"Put your whole heart and soul into it, and then whatever you do, it will shine through," Brewer says
You might recognize Jamie Brewer from American Horror Story, in which she’s had a recurring role since 2011. But the 30-year-old actress broke another barrier Thursday, becoming the first model with Down syndrome to walk during New York’s Fashion Week.
Brewer modeled as part of Carrie Hammer’s “Role Models Not Runway Models” campaign, wearing an original design by Hammer.
“There’s a woman named Katie Driscoll,” Brewer tells PEOPLE a few hours after her history-making walk, “who has a campaign called ‘Changing the Trace of Beauty.’ She wrote a letter to Carrie congratulating her on 2014 New York Fashion Week show that included a woman named Danielle Sheypuk.”
“Danielle was one of the first-ever models to appear on the NYFW runway in a wheelchair,” Brewer continues. “And Katie asked Carrie if she could have a role model for her daughter Grace, who was around 4 or 5 years old, who has Down syndrome. And Katie knew of my work – my acting work and my work with people with disabilities – and she told Carrie about who I am, and that’s how I got the honor of being involved with Fashion Week.”
Brewer says she’s always been interested in fashion, “in a way,” drawn to it in part, she says, by the costumes on American Horror Story. She describes her personal style as “anything that shows my personality, from edgy to glitzy.”

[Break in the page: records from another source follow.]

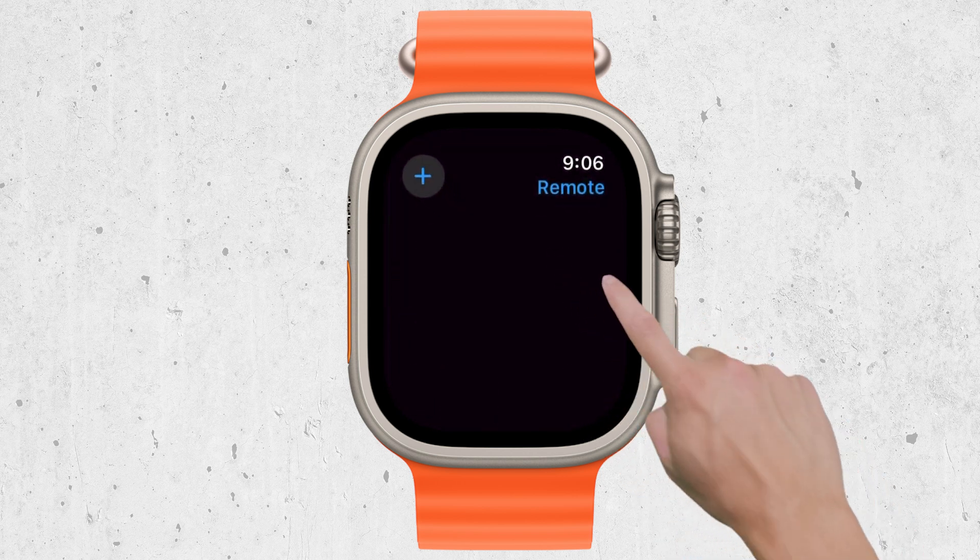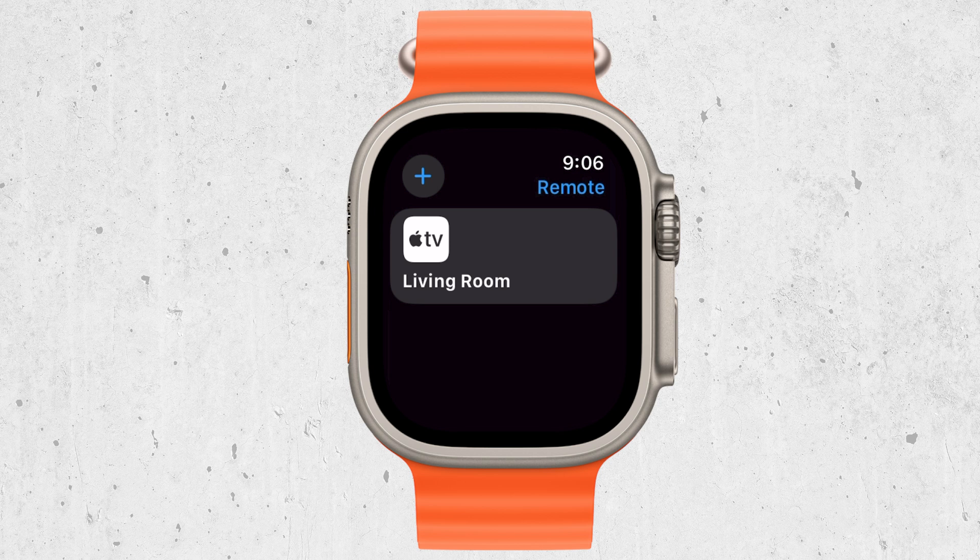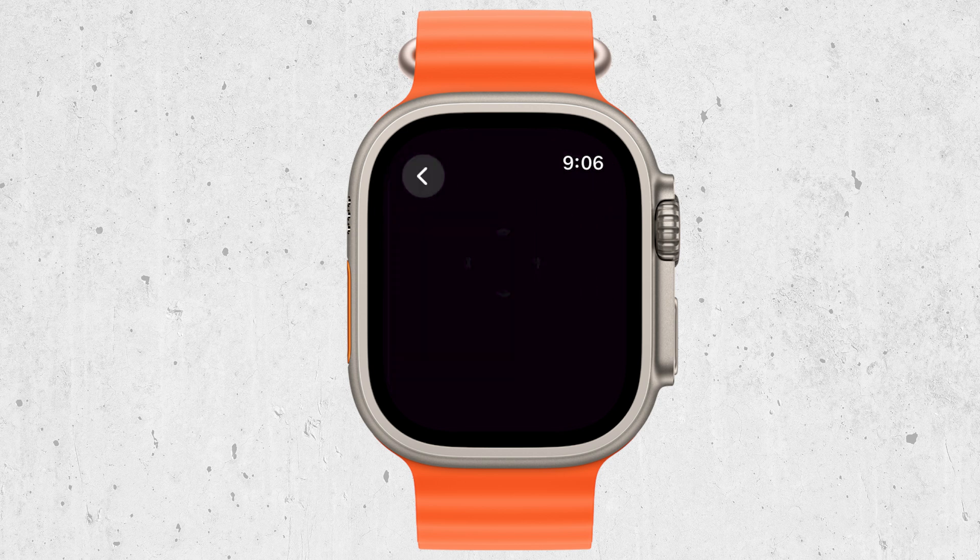When you open the app, you should see a list of available devices. Go ahead and select your Apple TV from this list. Now that you're connected, you can start controlling your Apple TV. Use the digital crown on your watch to scroll through menus and options. This is perfect for navigating long lists or fine-tuning your selections.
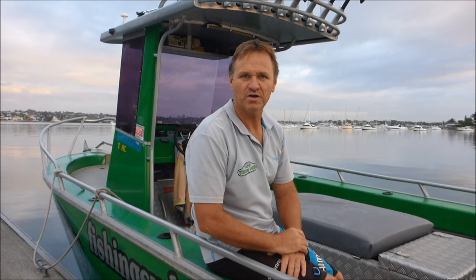Well guys, I hope you enjoyed beach fishing Fraser Island. Tune in next week for another fantastic clip on the Hook and the Cook. Please subscribe to our YouTube channel, follow us on Facebook, Twitter and Instagram, and we'll see you guys every week here at the Hook and the Cook. Cheers.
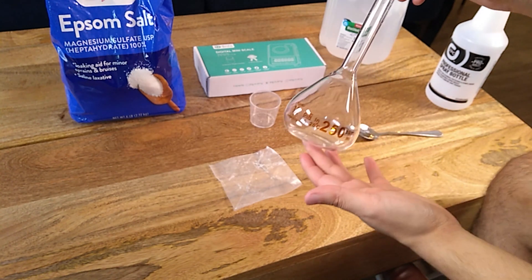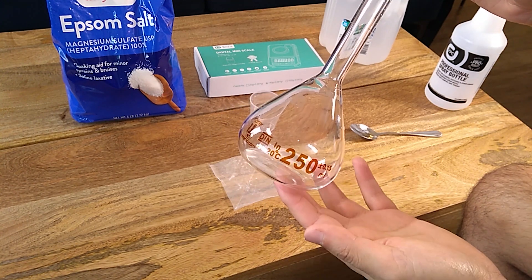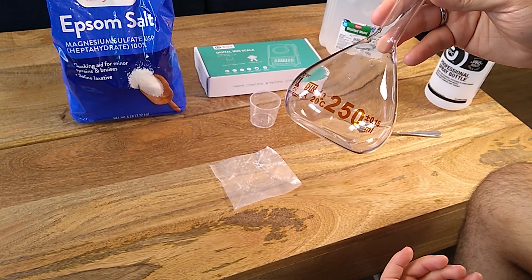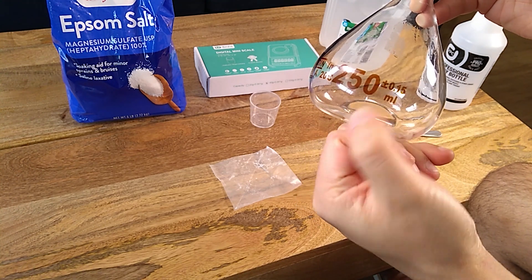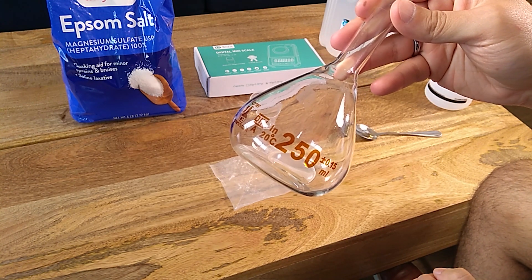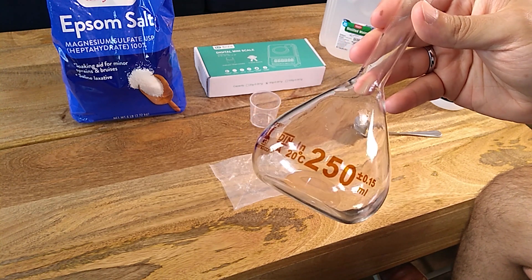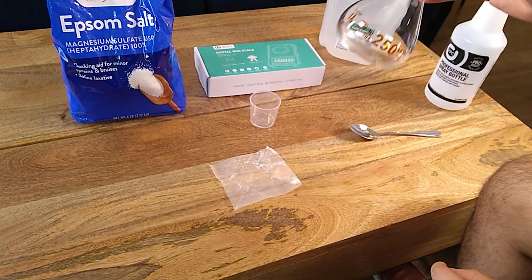There is also this, which is very important — a volumetric flask — which is what we will use to actually prepare the solution. We will be preparing a volume of 250 milliliters, which will be enough to prepare 25 liters of final foliar solution. It's important to use volumetric flasks because the precision of a volumetric flask is really good, while the precision of things like graduated cylinders is very low. You want to use something that's very precise, like volumetric flasks.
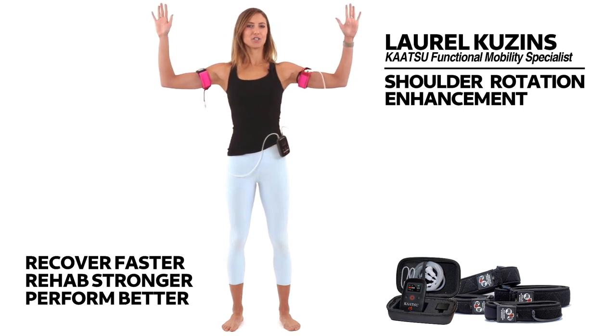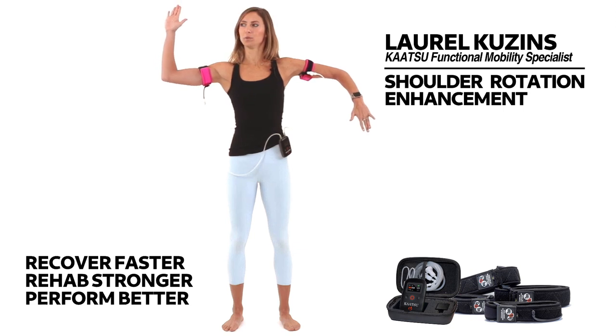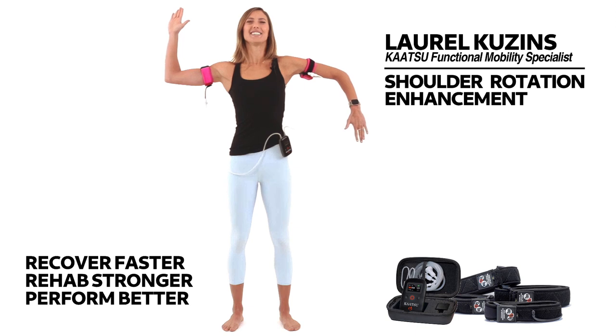Now find your right hand. Start to drop your right hand down towards the floor. Notice my elbow stays in line with my shoulder. And then find your left hand. Start to pull the left hand back behind you. Now engaging through the core, start to squeeze out as much range of motion as you possibly can. For four,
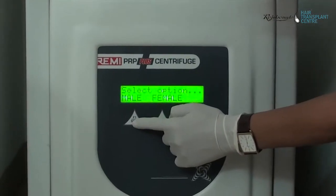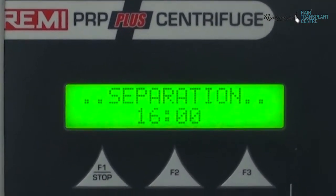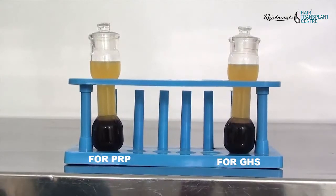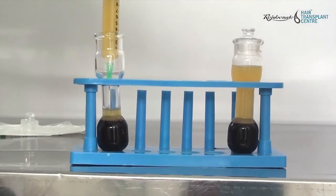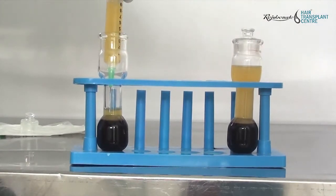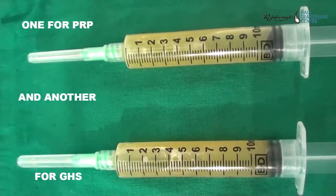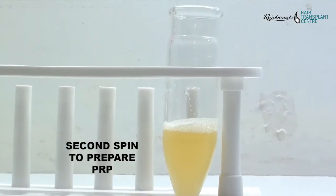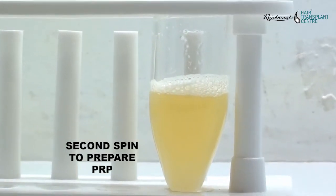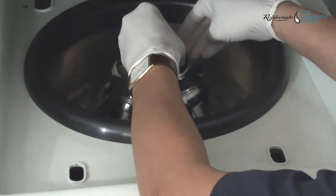The spin is performed for separation of RBC and plasma. These are the two containers with plasma now separated from the RBC. Plasma is withdrawn into syringes from both containers — one syringe to be used as graft holding solution and another for preparation of PRP, which is transferred to a glass tube.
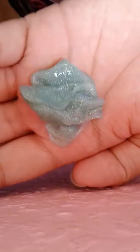Then I also have this one, which is lemon lime glitter. It's greenish-bluish, kind of like an aqua color, and it's glittery.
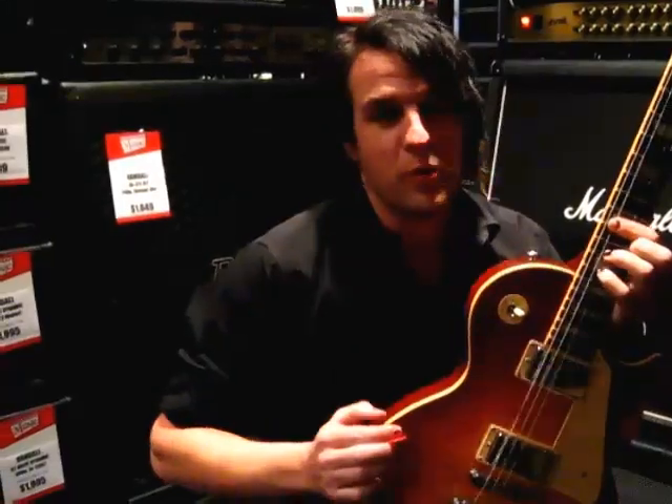So there you go — Gibson Les Paul Traditional, brand new in 2008 and 2009. They're in store, come check it out. Welcome to Crank Builders.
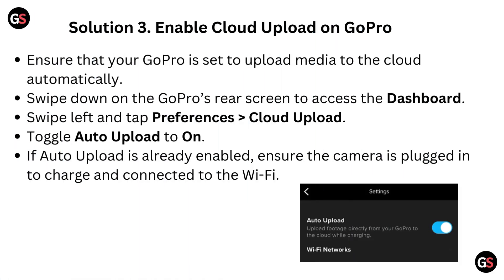Solution 3: Enable cloud upload on GoPro. Ensure that your GoPro is set to upload media to the cloud automatically. Swipe down on the GoPro's rear screen to access the dashboard. Swipe left and tap preferences, then go to Cloud Upload. Toggle Auto Upload to On. If auto upload is already enabled, ensure the camera is plugged in to charge and connected to the Wi-Fi.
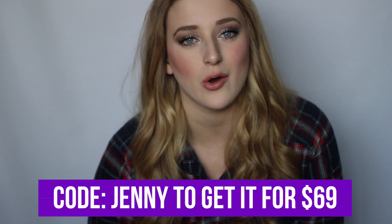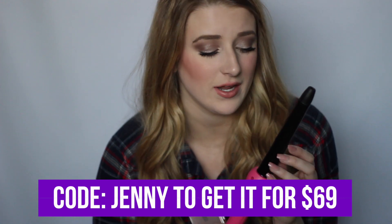But if you use my code 'Jenny' you can get it for $69, which is basically the same price as any good quality curling iron you'd find. The only downside I've noticed is my curls don't last as long as I'm used to — maybe because I don't hold it as long or use as high a heat to protect my hair. I do have to touch up a little more than usual, and that could also be because I use a lightweight hairspray.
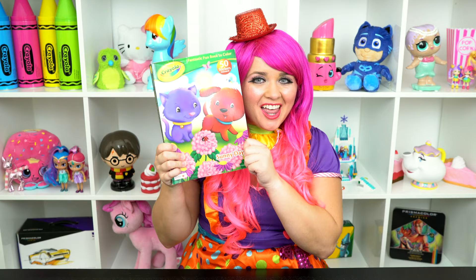What a precious puppy! Hey everyone, and welcome to Coloring with Kimmy the Clown! Today we're going to be coloring in my Crayola Sunny Days coloring book. I've got my big box of colored pencils here, so let's get started!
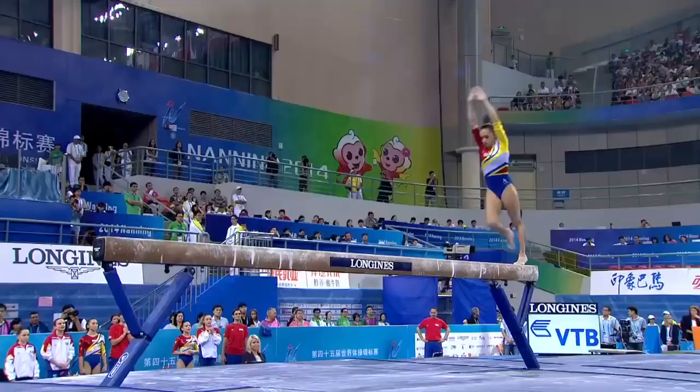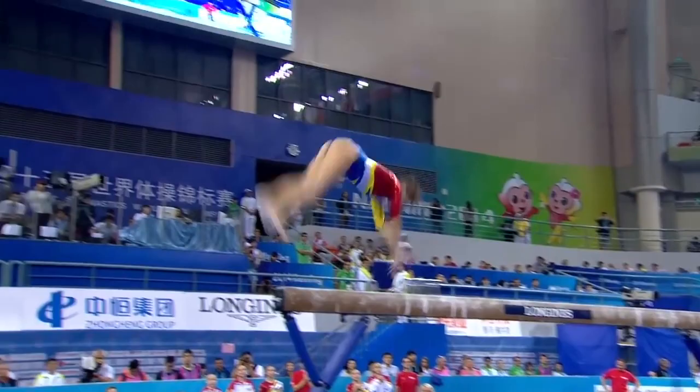Moving very confidently, hardly a wobble. And I just love the system. Round off back flip, triple twist, just like she was on the floor. That was super stuff.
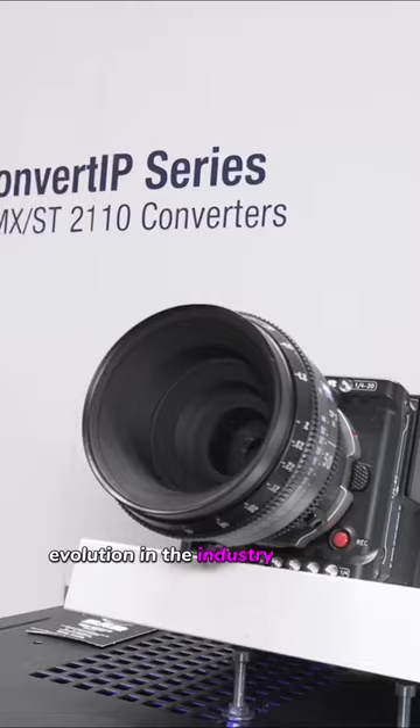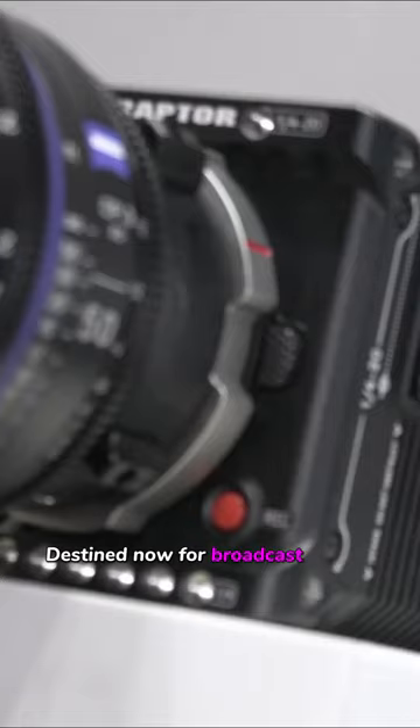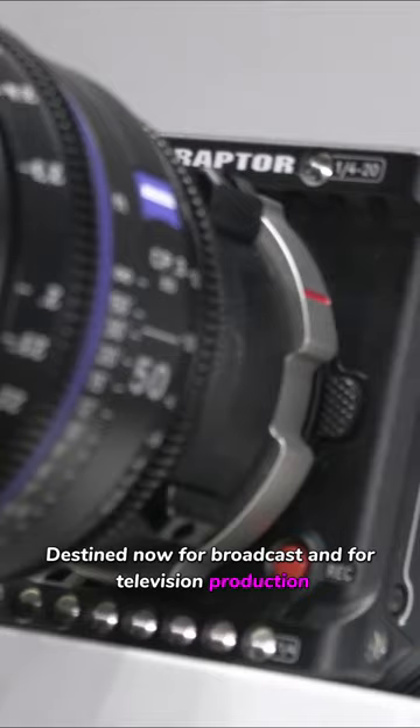One of the ways that we're seeing evolution in the industry is the use of cinema cameras destined now for broadcast and television production. Convert IP is a device that takes ST2110 and allows you to convert and monitor on an HDMI or a baseband apparatus.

Was she nervous going into her runway walk? “I thought I was going to be, but honestly, I just channeled it into excitement,” Brewer says.
For preparation, she says, one of the other models involved in the event Thursday “opened up her place for all the models to meet and get to know each other and also learn the walk,” which she says “depends on your mood when you’re tired, ecstatic, you have a certain walk. It’s a vibe.”
Asked for advice now that she’s on the other side of a successful runway career, Brewer pauses for a minute and says, “Be true to your heart … put your whole heart and soul into it, and then whatever you do, it will shine through.”
“There are many role models I’ve been around, and kind of the biggest one – there’s a show called Push Girls, with all women in wheelchairs, and they’re all really good friends of mine,” she says. “And one, Angela Rockwood, is still modeling, in a wheelchair. After a car accident. That was her career before she was in a wheelchair, and she’s still modeling – she’s a huge inspiration to me.”
She continues: “I’m advocating for many other people with my time here [at Fashion Week]. And I’m sure they’ll agree with me: Listen to your own heart. We are one and the same. Our hearts beat as one. If we put our hearts into it – the fashion industry, any industry – our lives will be changed in the process and the world will be changed as well.”